『人事労務戦略』構築専門のコンサルタント 株式会社サムライズ

No.74話:労働時間の管理は会社が責任をもって行うべきです。

労働者の労働時間の管理・把握はだれがすべきでしょうか。「労働時間の適正な把握のために使用者が講ずべき措置に関するガイドライン(平成29年1月20日策定。以下「ガイドライン」)」の冒頭において、「使用者は、労働時間を適正に把握するなど労働時間を適切に管理する。」と使用者、すなわち会社に労働者の労働時間の管理・把握することを求めています。

管理の方法はICカード、タイムカードなどにより客観的な記録を推奨し、手書きの出勤簿のような労働者の自己申告による記録であっても、それが適切に行われているかの確認を使用者に求めています。なお、ガイドラインでは会社が労働時間の管理・把握すべき対象労働者から管理監督者とみなし労働時間制適用者は除外されていますが、労働安全衛生法第66条の8の3においては「労働安全衛生」の観点から、「高度プロフェッショナル制度」の対象者以外全ての労働者の労働時間の状況の把握を義務付けています。

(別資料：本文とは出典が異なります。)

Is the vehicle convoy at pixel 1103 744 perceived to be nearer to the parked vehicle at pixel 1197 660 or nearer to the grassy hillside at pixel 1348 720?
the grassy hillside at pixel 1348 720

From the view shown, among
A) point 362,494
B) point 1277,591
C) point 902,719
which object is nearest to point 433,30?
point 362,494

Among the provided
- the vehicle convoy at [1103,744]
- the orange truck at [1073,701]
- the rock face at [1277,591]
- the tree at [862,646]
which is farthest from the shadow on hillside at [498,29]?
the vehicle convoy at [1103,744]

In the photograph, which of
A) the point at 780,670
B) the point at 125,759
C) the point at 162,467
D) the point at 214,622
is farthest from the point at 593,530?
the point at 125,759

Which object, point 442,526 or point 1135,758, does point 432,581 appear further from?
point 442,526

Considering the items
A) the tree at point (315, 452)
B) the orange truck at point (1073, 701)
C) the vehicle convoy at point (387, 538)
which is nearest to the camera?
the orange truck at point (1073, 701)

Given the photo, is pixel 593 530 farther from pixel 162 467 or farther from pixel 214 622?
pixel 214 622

さて、近年は労働者の自己判断により労働時間を自由に使ってもらおうという観点から、フレックスタイム制や裁量労働制などを導入する会社が増えてきています。また、昨年来のコロナ感染予防から積極的に在宅勤務を取り入れる会社も多くなってきました。このように労働時間の管理を労働者本人に委ねる方法自体は、労使双方にとって効率面を考えると良いことだと思います。

しかし、労働時間の自己管理は往々にして「オーバーワーク」を招きかねません。とりわけ日本人は時間を気にせずに働いてしまい、結果として「働き過ぎ」てしまう傾向にあります。これは今まで労働時間の管理を会社に依存していたために、労働者自身が労働時間の管理をすることに馴染んでいないことが原因の一つにあるようです。

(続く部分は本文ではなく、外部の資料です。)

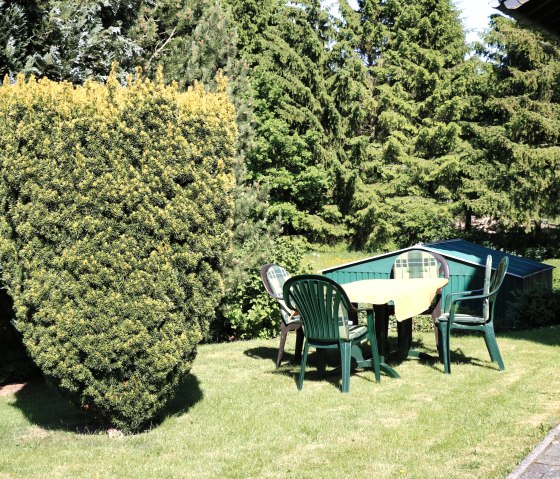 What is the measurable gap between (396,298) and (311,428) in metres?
2.06

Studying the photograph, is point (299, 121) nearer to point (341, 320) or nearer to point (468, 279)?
point (468, 279)

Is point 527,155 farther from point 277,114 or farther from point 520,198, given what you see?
point 277,114

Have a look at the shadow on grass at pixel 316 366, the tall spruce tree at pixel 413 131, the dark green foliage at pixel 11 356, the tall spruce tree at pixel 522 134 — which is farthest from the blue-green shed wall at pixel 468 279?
the tall spruce tree at pixel 413 131

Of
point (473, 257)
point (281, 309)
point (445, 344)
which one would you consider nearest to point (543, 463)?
point (445, 344)

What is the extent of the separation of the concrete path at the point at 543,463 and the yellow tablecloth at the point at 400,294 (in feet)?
8.01

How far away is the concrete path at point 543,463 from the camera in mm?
3869

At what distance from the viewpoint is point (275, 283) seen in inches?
310

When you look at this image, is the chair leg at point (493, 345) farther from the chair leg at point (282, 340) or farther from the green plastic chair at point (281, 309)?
the chair leg at point (282, 340)

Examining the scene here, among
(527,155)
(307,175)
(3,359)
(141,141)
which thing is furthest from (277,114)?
(141,141)

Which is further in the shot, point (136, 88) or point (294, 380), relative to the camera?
point (294, 380)

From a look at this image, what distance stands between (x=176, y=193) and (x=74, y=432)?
221 cm

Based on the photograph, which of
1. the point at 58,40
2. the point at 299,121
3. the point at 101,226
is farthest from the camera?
the point at 299,121

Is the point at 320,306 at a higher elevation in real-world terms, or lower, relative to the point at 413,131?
lower

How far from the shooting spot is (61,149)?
4879mm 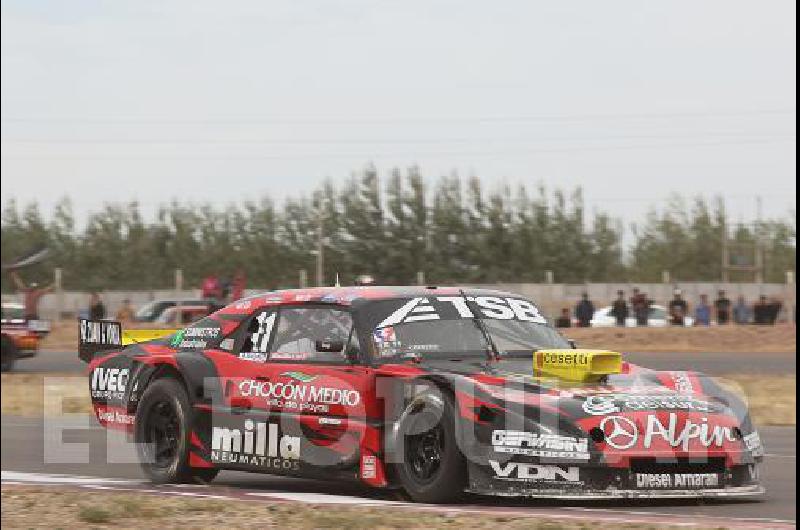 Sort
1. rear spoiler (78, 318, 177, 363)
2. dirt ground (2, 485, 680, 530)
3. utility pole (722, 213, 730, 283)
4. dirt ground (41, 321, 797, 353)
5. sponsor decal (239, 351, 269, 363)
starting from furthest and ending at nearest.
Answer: utility pole (722, 213, 730, 283) → dirt ground (41, 321, 797, 353) → rear spoiler (78, 318, 177, 363) → sponsor decal (239, 351, 269, 363) → dirt ground (2, 485, 680, 530)

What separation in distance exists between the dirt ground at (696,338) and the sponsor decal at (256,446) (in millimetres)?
24810

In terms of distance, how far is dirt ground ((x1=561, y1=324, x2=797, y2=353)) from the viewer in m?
35.8

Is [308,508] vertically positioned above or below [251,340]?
below

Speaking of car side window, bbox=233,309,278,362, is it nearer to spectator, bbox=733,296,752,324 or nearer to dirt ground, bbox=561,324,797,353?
dirt ground, bbox=561,324,797,353

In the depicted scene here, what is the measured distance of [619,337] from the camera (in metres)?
36.7

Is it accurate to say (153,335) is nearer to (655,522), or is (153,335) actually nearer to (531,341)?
(531,341)

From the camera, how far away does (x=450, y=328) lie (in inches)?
401

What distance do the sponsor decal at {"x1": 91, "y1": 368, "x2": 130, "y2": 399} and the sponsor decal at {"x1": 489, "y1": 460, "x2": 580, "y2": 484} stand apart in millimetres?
3599

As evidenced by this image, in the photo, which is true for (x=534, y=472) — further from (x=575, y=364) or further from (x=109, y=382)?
(x=109, y=382)

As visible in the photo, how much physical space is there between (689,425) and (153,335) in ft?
15.7

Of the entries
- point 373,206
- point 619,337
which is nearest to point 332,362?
point 619,337

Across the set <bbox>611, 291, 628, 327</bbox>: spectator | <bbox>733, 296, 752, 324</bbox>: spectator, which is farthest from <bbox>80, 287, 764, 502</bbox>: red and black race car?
<bbox>733, 296, 752, 324</bbox>: spectator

特に在宅勤務の場合は自宅という生活の場で仕事が行われることから、労働時間の線引きが困難となり、「気がついたら深夜2時までパソコンで資料を作っていた。」ということが起こりがちです。つまり、ブレーキをかけることなく労働時間のアクセルを踏んだままとなってしまうということです。こうなれば当然、長時間労働を助長し、それにより健康を害してしまうことも考えられます。

労働時間の管理を労働者自身に委ねることは、長時間労働の温床になり健康障害を発生しかねないことから、前述の通り労働安全衛生法は「高度プロフェッショナル制度」対象者を除いて、労働者の労働時間の把握を義務付けているわけです。従いまして、会社は裁量労働制など労働時間の管理を本人にさせる場合であっても、労働時間の実態については責任をもって把握すべきです。特に在宅勤務などの目の届かない自宅で仕事をしている従業員の労働時間には注意を払い、適宜、実績を確認し必要があれば、休憩や休日を取らせるなど健康管理の面から指導を行うことが必要です。

大切な従業員が過労で倒れてからでは手遅れになります。くれぐれも労働時間の実績には細心の注意を行ってください。